In the data below, find the line with "Pemprov Sumut Komitmen" and output it along with every later line, exactly, but not the pictures.

> **INFORMATION PROVIDED**:
● ● ● ● ● ● ●

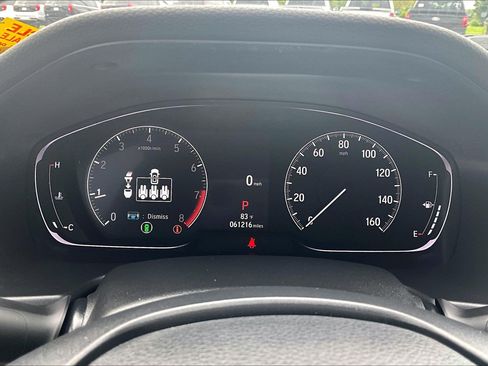 Used 2021 Honda Accord Touring image 20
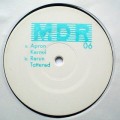Buy Marcel Dettmann - MDR 06 (MCD) Mp3 Download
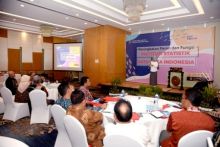 Pemprov Sumut Komitmen Implementasikan Satu Data Indonesia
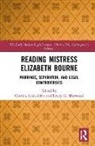 Cristina León Alfar, Cristina Leon Sherwood Alfar, Emily Sherwood, Cristina León Alfar, Emily G. Sherwood - Reading Mistress Elizabeth Bourne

● ● ● ● ● ● ●

> **THE COMPLETED TASK**:
 Pemprov Sumut Komitmen Implementasikan Satu Data Indonesia
 Cristina León Alfar, Cristina Leon Sherwood Alfar, Emily Sherwood, Cristina León Alfar, Emily G. Sherwood - Reading Mistress Elizabeth Bourne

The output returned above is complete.